The earlier monitoring systems used by the industries need manual interference and are often not cent percent accurate. For instance, banks have been using transaction monitoring systems for years which are based on predefined binary rules that had to be manually checked involving time and inaccuracy. On average, only 2% of the transactions flagged by the software indicated true crime or malicious intent through manual checking. On the contrary, the modern machine-learning solutions use predictive rules that point out anomalies in datasets. These advanced algorithms successfully have decreased the number of false alerts by filtering out cases flagged incorrectly, while adding others missed using conventional rules.
Business enterprises big or small generate a wealth of data with it comes user expectation to data protection and management. Easy accessibility of data has enabled many companies to keep up with their security systems to back off increasingly sophisticated criminals. Today, social media platforms are on their toes to uncover and remove terrorist recruitment videos, messages or any anti-nationalist views almost instantly. Over times, AI-powered crime-fighting tools have become indispensable for large businesses to rapidly detect and interpret patterns across data silos. It is on the business enterprise to weigh the returns on investment over the deployment of AI crime-fighting solutions to check whether the benefits outweigh the risks that accompany them. One such risk exists in the biased conclusions drawn by the machine learning algorithms based on factors like ethnicity, gender, and age. Another concern is data security from customers who worry that their data will be misused or exploited through data-intensive surveillance of their records, transactions, and communications.
Business Enterprises and Regulatory agencies have been using AI to detect and prevent crime in multiple of cases, here are some of the instances.
Before business enterprises can jump on to deploy AI to detect crimes, they have to assess the best fit of AI to detect crimes within their business and organizational processes. AI into fraud detection has been increasingly used by the banking industry to automate processes and conduct multi-layered "deep learning" analyses to halt financial crimes. With changing times, banks have been filling money laundering reports to report suspicious activity 20 times more than they did in 2012. AI tools and machine learning algorithms have allowed the financial industry to cut down the resource count they had to employ to evaluate alerts for suspicious activities. Credit to AI, false alerts have fallen by as much as half and automation of routine human legwork in document evaluation.
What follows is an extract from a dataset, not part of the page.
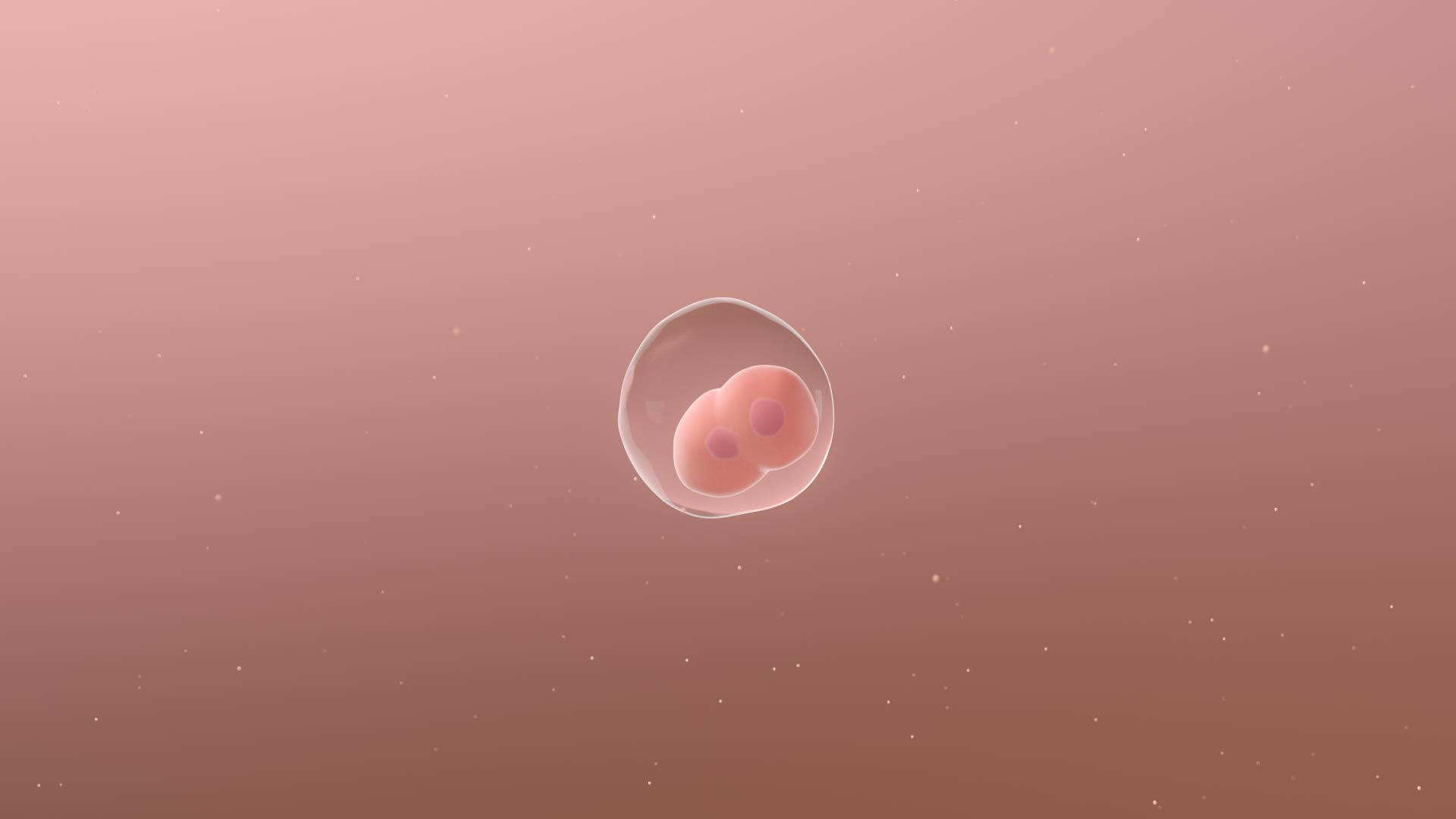 3D complete human egg fetus model https://p.turbosquid.com/ts-thumb/bx/NUeYJE/F5GPBeS8/mitosis/jpg/1590311330/1920x1080/turn_fit_q99/ae5a00d26fedb8cc69476e429e69922c4e760da9/mitosis-1.jpg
This has resulted in huge revenue gains for businesses, including PayPal who succeeded to cut its false alerts in half and the Royal Bank of Scotland who prevented losses of over $9 million to customers after conducting a year-long pilot with Vocalink Analytics using AI to scan small business transactions for fake invoices.
AI tools allow organizations to detect suspicious patterns or relationships invisible to even experts. Artificial neural networks allow regulators and organizations to predict the next moves of even unidentified criminals who can alert triggers in binary rule-based security systems. This is done by linking millions of data points from unrelated databases ranging from social media posts to internet protocol addresses used in airport Wi-Fi networks to real estate holdings to identify patterns.
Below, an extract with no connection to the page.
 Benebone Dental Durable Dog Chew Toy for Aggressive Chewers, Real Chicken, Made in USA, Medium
Business process and organizations need to pay heed that AI backed risk management and crime detection should not be conducted in isolation. Financial institutions like banks should deploy back-testing against simpler models to limit the impact of potentially inexplicable conclusions of artificial intelligence, especially at the premise of an unknown event for which the model has not been trained. AI backed Risk Management and Fraud Detections have been used together by the banking industry to monitor transactions and reduce the number of false alerts. These algorithms are back-tested to identify potential outliers. An AI model may point a huge credit/ debit transaction and trigger an alert in a rule-based system these large transactions may be made by HNI customers. Fraud detection techniques are thus evaluated transparent machine learning models to remove false alerts and prediction biases.
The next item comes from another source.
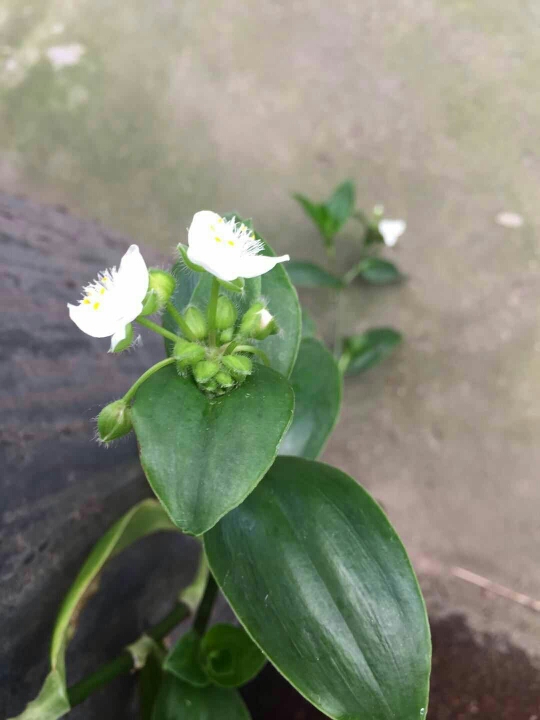 竹节草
Increased dependence on AI tools for crime prevention could make lawbreakers devise new ways to spread fraud leading organizations to lose their credibility with the public, regulators and other stakeholders. Criminals operating across continents may resort to more extreme, and potentially violent, measures to beat AI.
To prevent this and many other threats arising in the future, business enterprises need to create and test a variety of case scenarios using AI-driven tools to track criminal activities as they evolve.
Smart deployment of AI will enable companies to identify areas of potential crimes such as fraud, money laundering, and terrorist financing. AI backed algorithms will be a blessing to detect and mitigate mundane crimes such as employee theft, cyber fraud, and fake invoices, making ways for public users to use services and products offered by businesses in a more secured environment.